Quels sont les compromis entre la délibération physique, en ligne et virtuelle ? Nous sommes là confrontés à un important dilemme moral et éthique sur les engagements envers des principes et valeurs clés tels que la responsabilité démocratique, la transparence, l’équité et la justice. C’est tout l’objet de cette recherche-action que nous menons avec le center for Sciences, Policy and Outcomes de l’Université d’Etat d’Arizona, et la Fondation Elyx. A ce stade, nous entrevoyons des pistes intéressantes pour la participation citoyenne. En voici cinq.
#1 Une expérience immersive et vivante
Lors d’un dialogue citoyen européen sur les enjeux de la présence européenne dans l’espace, nous avons proposé une séquence qui s’appelait « l’espace, on vous y emmène ». C’était une puissante séquence, co-créée par notre réalisateur Lord Wilmore avec notre collègue Patrice Levallois, dans laquelle Claudie Haigneré, première spationaute française, racontait son expérience.
La même séquence en réalité virtuelle aurait permis aux participants non plus de voir les images racontées par Claudie Haigneré, mais de vivre ces images par l’immersion tout en étant accompagnés par la voix de la spationaute comme regarder par le hublot d’une navette spatiale, survolez les continents, voir la terre qui défile. La réalité virtuelle, et ses 3D, permet en effet de vivre une expérience plutôt que d’en être simplement spectateur.

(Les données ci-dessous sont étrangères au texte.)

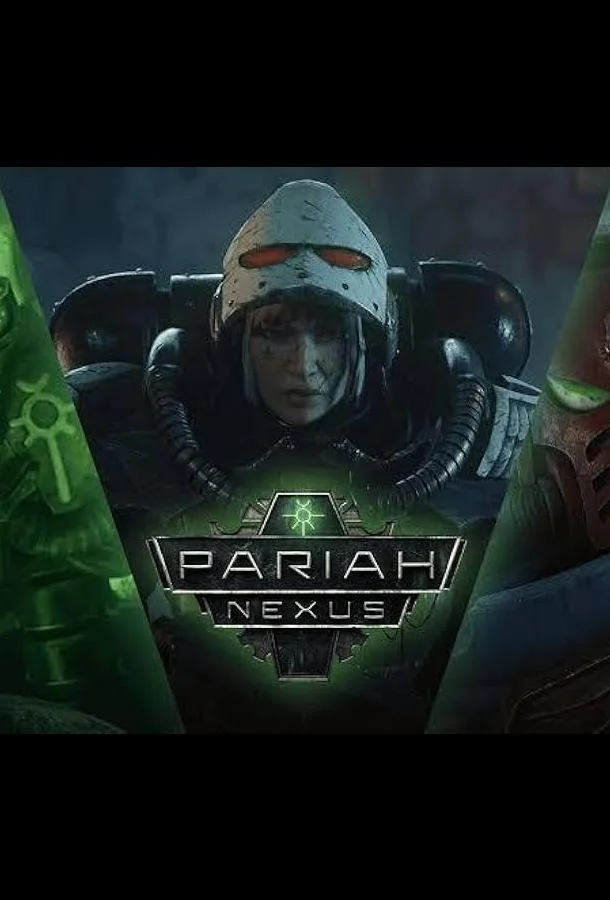 Звено-Пария / Пария Нексус (1 сезон 1-2,3 серия) смотреть онлайн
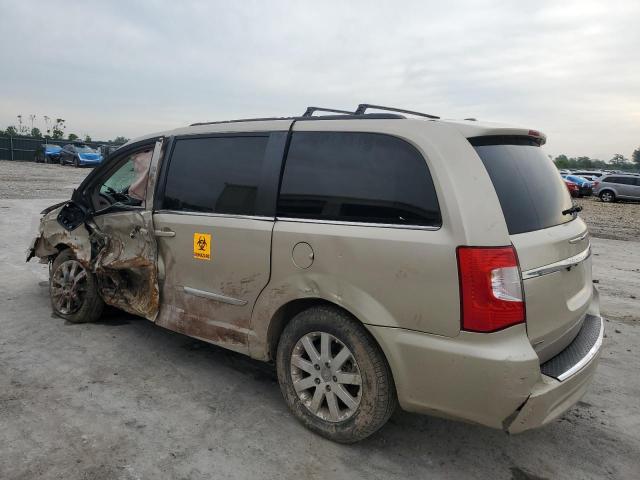 Vin: 2c4rc1bg0er399617, lot: 55416615, chrysler minivan touring 20142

"Ensemble, nous pouvons réfléchir aux enjeux, aux limites, aux démarches à mener pour qu’une assemblée citoyenne en réalité virtuelle soit inclusive (…) et qu’un haut niveau de qualité du dialogue soit préservé.
Crédit photo : Julien Cregut
Yves Mathieu
Fondateur et co-directeur de Missions Publiques
#2 Des enjeux mieux compris dans une réalité simulée et vécue
Lorsqu’il est question d’aménagements ou de grands projets à mettre en débat, les outils d’information utilisés sont souvent des plans, des infographies, quelques images, un récit. Avec la réalité virtuelle, il sera possible de visiter et d’expérimenter le projet avant sa création.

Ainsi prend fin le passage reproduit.